Wikileaks, Bradley Manning davanti a un tribunale militare rischia l´ergastolo

Il soldato americano è la principale fonte dell´organizzazione Wikileaks che negli ultimi anni ha pubblicato migliaia di documenti segreti della diplomazia a stelle e strisce. Accusato di collaborazionismo con il nemico, ora rischia l´ergastolo.

Andrea Torrente – 13 gennaio 2012 – Se molti lo considerano un eroe per aver contribuito in maniera decisiva alla causa di Wikileaks, l´organizzazione di Julian Assange che dal 2006 si dedica alla pubblicazione di documenti segreti e scottanti, per altri si tratta solo di un traditore della patria e di un collaborazionista del nemico.
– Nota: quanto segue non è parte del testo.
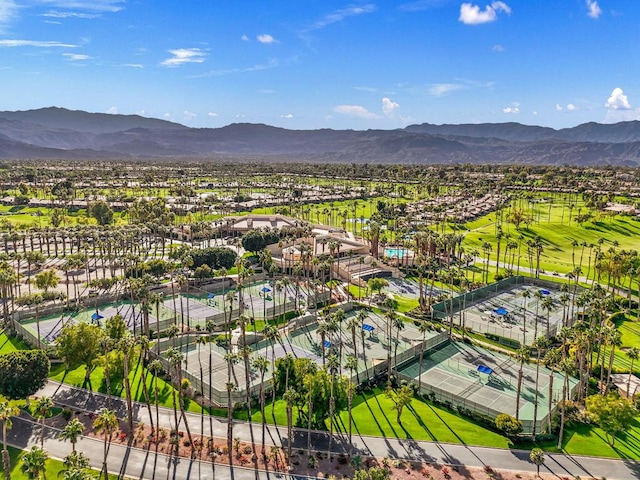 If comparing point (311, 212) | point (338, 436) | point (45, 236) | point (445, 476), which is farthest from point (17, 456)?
point (311, 212)

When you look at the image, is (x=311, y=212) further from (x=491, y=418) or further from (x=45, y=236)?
(x=491, y=418)

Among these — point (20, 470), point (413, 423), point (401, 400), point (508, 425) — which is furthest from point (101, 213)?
point (508, 425)

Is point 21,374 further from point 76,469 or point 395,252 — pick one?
point 395,252

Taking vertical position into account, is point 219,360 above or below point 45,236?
below

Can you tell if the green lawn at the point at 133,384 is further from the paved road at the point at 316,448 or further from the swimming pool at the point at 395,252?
the swimming pool at the point at 395,252

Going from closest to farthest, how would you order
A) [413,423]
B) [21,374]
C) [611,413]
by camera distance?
1. [611,413]
2. [21,374]
3. [413,423]

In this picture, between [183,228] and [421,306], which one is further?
[183,228] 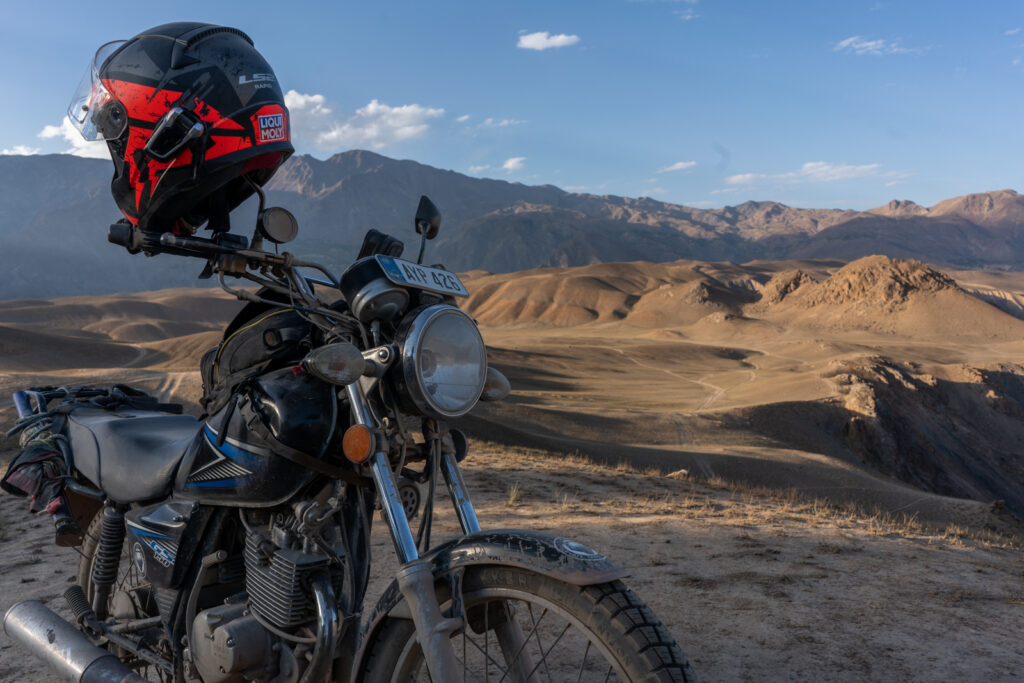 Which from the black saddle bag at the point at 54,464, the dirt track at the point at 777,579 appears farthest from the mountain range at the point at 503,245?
the black saddle bag at the point at 54,464

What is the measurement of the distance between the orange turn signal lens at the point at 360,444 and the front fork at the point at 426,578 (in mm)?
33

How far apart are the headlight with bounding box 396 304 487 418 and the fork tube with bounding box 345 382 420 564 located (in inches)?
6.0

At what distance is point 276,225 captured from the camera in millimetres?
2393

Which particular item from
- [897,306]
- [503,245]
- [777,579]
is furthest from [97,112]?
[503,245]

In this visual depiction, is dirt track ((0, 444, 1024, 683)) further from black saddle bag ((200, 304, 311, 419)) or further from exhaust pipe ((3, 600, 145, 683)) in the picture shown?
black saddle bag ((200, 304, 311, 419))

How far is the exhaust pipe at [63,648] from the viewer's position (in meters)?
2.38

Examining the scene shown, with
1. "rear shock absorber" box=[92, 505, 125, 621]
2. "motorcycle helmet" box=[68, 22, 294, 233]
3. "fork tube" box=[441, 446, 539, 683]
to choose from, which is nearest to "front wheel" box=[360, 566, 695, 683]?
"fork tube" box=[441, 446, 539, 683]

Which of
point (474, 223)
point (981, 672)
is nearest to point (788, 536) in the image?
point (981, 672)

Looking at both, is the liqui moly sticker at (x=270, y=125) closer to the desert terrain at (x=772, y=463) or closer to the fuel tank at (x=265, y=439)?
the fuel tank at (x=265, y=439)

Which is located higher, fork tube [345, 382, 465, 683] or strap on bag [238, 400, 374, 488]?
strap on bag [238, 400, 374, 488]

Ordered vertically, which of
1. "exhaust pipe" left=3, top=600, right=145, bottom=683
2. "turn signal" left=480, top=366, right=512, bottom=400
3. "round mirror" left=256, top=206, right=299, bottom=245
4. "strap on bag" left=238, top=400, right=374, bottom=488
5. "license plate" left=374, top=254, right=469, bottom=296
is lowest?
"exhaust pipe" left=3, top=600, right=145, bottom=683

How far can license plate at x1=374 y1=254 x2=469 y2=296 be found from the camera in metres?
2.16

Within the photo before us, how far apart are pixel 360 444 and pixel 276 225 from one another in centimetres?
83

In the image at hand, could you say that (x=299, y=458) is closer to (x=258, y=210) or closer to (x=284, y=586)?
(x=284, y=586) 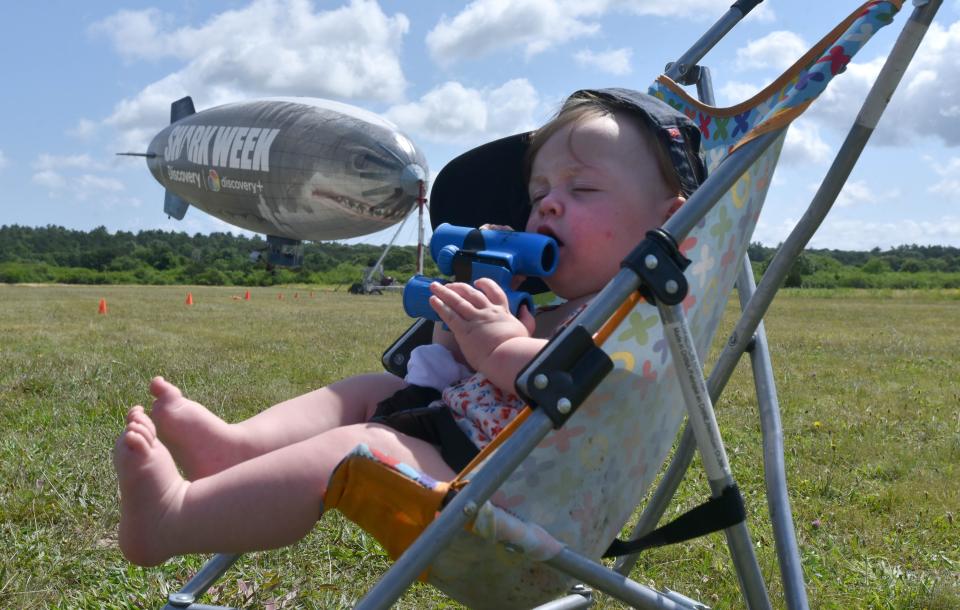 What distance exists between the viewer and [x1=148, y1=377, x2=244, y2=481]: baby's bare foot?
62.7 inches

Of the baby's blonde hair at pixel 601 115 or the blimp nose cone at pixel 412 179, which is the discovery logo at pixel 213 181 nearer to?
the blimp nose cone at pixel 412 179

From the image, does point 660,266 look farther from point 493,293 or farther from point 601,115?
point 601,115

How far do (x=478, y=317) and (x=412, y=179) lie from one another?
76.8ft

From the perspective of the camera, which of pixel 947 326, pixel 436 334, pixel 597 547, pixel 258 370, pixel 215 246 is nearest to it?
pixel 597 547

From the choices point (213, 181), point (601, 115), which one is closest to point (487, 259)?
point (601, 115)

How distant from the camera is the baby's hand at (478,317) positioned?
1457mm

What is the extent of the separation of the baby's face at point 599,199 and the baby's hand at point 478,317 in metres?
0.27

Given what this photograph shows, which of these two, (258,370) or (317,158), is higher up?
(317,158)

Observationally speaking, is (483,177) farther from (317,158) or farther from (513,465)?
(317,158)

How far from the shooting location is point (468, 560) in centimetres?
131

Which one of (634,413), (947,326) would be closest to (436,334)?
(634,413)

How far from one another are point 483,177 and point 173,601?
132 centimetres

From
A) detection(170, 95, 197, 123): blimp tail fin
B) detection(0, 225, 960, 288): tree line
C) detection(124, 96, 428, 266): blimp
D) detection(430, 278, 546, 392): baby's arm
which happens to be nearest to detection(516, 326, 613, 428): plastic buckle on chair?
detection(430, 278, 546, 392): baby's arm

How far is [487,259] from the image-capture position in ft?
5.37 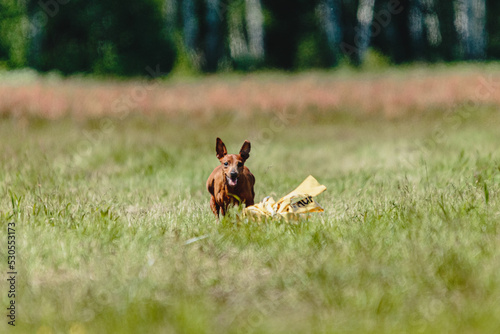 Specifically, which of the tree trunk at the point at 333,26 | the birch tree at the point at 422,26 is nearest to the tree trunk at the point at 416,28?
the birch tree at the point at 422,26

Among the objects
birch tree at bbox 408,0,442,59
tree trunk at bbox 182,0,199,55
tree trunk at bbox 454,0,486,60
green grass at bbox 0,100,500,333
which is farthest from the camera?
birch tree at bbox 408,0,442,59

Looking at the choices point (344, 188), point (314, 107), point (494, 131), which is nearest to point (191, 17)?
point (314, 107)

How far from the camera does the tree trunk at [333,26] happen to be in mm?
29206

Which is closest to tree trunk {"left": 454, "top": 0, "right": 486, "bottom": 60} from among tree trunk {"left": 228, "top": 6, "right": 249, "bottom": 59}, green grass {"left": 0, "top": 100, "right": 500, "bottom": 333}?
Result: tree trunk {"left": 228, "top": 6, "right": 249, "bottom": 59}

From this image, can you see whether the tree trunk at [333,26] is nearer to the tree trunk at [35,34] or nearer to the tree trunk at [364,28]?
the tree trunk at [364,28]

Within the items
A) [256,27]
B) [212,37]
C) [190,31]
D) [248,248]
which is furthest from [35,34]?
[248,248]

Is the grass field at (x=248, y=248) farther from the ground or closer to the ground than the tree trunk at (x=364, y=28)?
closer to the ground

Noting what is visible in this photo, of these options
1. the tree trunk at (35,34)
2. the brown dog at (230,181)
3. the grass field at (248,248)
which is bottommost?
the grass field at (248,248)

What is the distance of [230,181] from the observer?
471cm

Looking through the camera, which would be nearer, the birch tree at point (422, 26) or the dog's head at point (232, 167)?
the dog's head at point (232, 167)

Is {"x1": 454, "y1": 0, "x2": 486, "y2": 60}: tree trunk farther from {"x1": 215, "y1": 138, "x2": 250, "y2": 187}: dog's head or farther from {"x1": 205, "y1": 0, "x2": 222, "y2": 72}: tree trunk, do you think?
{"x1": 215, "y1": 138, "x2": 250, "y2": 187}: dog's head

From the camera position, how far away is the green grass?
307 centimetres

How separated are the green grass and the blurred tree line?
832 inches

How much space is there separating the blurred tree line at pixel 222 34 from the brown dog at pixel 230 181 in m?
22.4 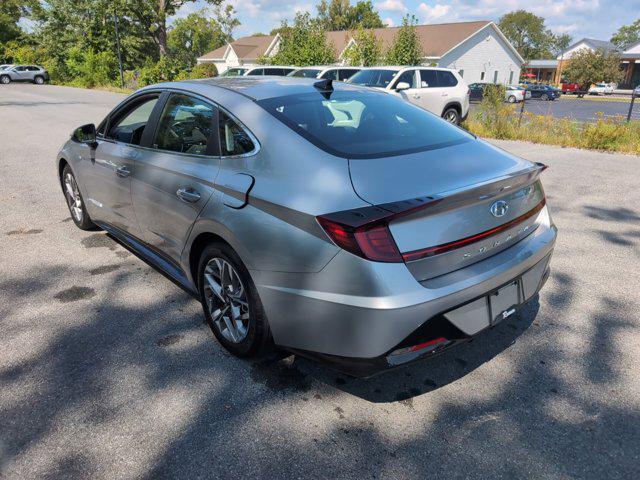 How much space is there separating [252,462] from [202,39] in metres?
109

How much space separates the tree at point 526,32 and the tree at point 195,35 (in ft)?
196

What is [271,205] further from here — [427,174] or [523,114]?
[523,114]

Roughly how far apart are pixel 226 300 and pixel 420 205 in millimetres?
1399

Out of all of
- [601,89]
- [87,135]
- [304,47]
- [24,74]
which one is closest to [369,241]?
[87,135]

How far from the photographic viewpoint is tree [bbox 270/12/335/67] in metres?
25.6

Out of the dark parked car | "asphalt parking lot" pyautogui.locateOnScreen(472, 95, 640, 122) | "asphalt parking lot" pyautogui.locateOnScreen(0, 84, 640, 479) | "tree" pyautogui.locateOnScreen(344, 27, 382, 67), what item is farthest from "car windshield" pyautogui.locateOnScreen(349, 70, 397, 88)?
the dark parked car

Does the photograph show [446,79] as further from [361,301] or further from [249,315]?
[361,301]

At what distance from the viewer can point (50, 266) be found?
14.4 ft

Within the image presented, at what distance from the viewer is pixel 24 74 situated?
4238cm

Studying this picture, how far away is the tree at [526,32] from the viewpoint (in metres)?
102

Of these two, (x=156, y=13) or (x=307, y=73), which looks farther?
(x=156, y=13)

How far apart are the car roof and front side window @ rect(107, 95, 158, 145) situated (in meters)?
0.24

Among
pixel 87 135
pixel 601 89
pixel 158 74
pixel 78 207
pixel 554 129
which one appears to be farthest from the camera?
pixel 601 89

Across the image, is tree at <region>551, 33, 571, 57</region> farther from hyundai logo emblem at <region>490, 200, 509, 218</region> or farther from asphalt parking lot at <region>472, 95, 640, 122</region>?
hyundai logo emblem at <region>490, 200, 509, 218</region> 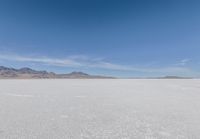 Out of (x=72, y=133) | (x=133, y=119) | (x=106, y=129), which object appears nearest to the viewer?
(x=72, y=133)

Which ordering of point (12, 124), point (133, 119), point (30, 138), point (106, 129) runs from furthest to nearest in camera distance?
point (133, 119) < point (12, 124) < point (106, 129) < point (30, 138)

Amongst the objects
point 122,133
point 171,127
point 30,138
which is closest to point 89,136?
point 122,133

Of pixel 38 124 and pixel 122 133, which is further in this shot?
pixel 38 124

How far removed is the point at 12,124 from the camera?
3316 millimetres

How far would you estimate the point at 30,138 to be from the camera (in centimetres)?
267

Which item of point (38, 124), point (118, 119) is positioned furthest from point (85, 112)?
point (38, 124)

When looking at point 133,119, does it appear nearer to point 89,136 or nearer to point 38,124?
point 89,136

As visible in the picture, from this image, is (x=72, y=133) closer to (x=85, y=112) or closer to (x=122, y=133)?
(x=122, y=133)

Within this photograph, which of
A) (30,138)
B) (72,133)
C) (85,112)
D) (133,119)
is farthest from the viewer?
(85,112)

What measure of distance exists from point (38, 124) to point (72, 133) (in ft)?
2.67

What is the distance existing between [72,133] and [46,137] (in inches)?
15.5

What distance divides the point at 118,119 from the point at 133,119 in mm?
300

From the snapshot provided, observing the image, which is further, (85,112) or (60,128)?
(85,112)

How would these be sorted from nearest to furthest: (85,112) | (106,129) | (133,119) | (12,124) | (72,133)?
(72,133) < (106,129) < (12,124) < (133,119) < (85,112) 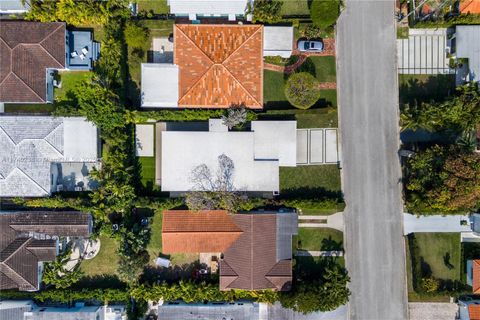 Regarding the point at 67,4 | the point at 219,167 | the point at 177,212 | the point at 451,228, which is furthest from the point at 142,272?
the point at 451,228

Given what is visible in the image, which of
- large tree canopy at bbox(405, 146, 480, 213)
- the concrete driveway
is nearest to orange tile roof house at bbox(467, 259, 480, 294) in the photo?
the concrete driveway

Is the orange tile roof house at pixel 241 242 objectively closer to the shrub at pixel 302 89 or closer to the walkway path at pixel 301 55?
the shrub at pixel 302 89

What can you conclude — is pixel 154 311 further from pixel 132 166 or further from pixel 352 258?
pixel 352 258

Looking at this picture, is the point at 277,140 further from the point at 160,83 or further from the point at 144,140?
the point at 144,140

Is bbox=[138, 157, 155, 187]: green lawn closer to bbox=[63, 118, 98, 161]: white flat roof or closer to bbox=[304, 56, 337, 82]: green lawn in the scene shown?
bbox=[63, 118, 98, 161]: white flat roof

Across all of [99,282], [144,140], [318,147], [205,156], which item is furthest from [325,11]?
[99,282]

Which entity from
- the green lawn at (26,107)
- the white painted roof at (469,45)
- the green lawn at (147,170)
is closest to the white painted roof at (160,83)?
the green lawn at (147,170) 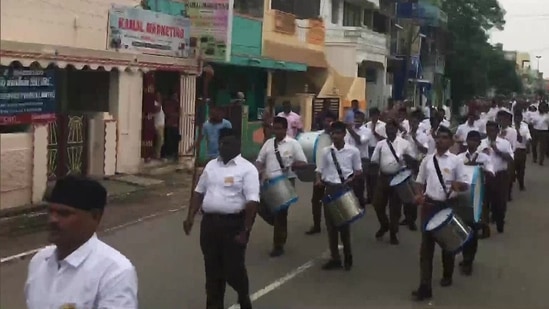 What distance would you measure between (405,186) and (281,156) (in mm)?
1842

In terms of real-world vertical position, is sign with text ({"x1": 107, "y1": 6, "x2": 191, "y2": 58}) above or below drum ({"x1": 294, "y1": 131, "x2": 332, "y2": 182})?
above

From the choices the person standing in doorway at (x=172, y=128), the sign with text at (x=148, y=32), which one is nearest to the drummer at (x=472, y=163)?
the sign with text at (x=148, y=32)

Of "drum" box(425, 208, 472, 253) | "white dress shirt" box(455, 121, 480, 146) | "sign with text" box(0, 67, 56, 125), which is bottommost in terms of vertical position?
"drum" box(425, 208, 472, 253)

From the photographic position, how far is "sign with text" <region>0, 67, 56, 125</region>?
873 cm

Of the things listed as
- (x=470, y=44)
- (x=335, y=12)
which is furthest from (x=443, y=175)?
(x=470, y=44)

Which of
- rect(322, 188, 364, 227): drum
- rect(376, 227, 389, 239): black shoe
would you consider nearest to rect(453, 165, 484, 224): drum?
rect(322, 188, 364, 227): drum

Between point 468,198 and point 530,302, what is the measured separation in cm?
111

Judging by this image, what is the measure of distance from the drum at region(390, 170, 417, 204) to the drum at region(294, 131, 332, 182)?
1.00m

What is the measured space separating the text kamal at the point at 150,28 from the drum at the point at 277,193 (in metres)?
7.14

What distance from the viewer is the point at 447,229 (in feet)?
27.1

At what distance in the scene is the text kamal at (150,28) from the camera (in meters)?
16.1

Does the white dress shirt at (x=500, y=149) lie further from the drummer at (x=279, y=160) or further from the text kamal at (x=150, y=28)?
the text kamal at (x=150, y=28)

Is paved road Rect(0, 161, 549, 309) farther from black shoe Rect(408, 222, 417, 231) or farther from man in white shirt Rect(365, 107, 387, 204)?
man in white shirt Rect(365, 107, 387, 204)

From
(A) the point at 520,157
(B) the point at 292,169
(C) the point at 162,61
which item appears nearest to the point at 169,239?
(B) the point at 292,169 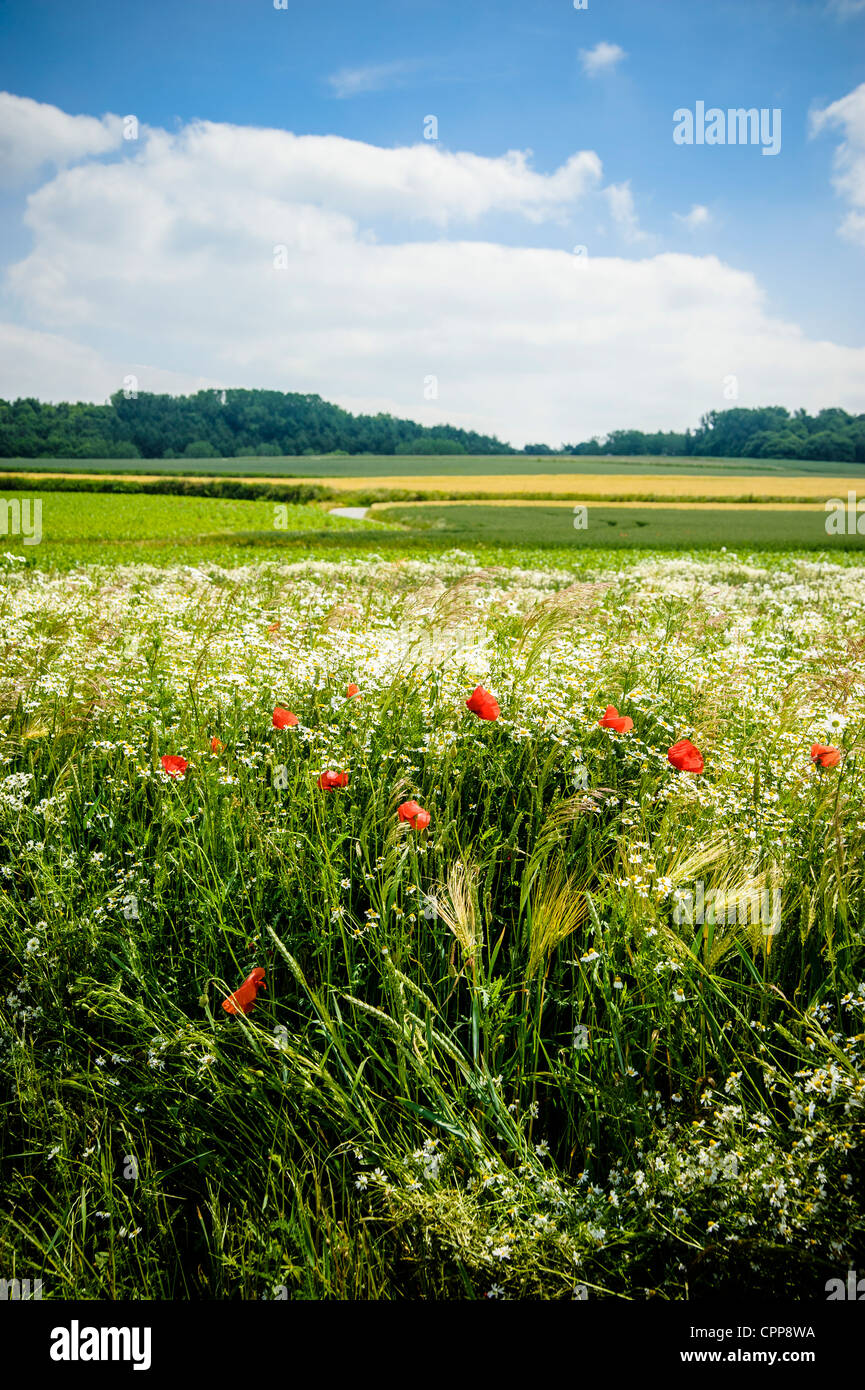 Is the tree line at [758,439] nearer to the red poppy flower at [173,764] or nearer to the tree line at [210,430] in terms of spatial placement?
the tree line at [210,430]

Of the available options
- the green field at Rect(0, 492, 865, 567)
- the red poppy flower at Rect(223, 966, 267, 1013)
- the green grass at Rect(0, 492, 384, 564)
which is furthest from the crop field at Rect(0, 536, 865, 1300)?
the green grass at Rect(0, 492, 384, 564)

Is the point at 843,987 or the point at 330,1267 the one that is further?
the point at 843,987

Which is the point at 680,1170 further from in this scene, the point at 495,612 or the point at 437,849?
the point at 495,612

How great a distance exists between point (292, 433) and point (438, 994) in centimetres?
15367

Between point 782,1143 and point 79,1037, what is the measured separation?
2.21 metres

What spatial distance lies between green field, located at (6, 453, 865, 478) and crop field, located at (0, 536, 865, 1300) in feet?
289

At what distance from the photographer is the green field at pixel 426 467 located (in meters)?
94.6

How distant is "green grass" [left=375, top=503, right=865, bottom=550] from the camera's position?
99.5 ft

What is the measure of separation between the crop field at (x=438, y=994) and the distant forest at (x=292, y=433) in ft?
415

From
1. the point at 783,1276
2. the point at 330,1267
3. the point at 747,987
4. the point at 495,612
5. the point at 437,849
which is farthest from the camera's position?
the point at 495,612

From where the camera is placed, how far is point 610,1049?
85.3 inches

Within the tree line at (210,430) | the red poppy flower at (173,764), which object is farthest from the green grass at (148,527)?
the tree line at (210,430)

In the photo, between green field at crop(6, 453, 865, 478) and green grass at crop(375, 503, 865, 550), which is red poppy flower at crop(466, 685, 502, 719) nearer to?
green grass at crop(375, 503, 865, 550)

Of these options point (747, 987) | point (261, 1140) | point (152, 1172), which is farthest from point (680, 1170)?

Su Bradley Manning pesano oltre 20 capi d´imputazione. Il soldato americano, 24 anni, quando nel 2009 si trovava in missione in Iraq, avrebbe infatti trasmesso a Wikileaks centinaia di migliaia di documenti segreti riguardanti le guerre in Afghanistan e in Iraq, tra cui il video del 2007 in cui un elicottero americano che sorvola Baghdad spara, uccidendo una dozzina di persone, tra cui due reporter della Reuters e ferendo due bambini.

I militari che hanno condotto le indagini hanno deciso, questo giovedì, di inviare Manning davanti ad un tribunale militare che si riunirà nei prossimi mesi. Il giovane soldato, su cui tra l´altro pesa la gravissima accusa di “collaborazionismo con il nemico”, rischia l´ergastolo.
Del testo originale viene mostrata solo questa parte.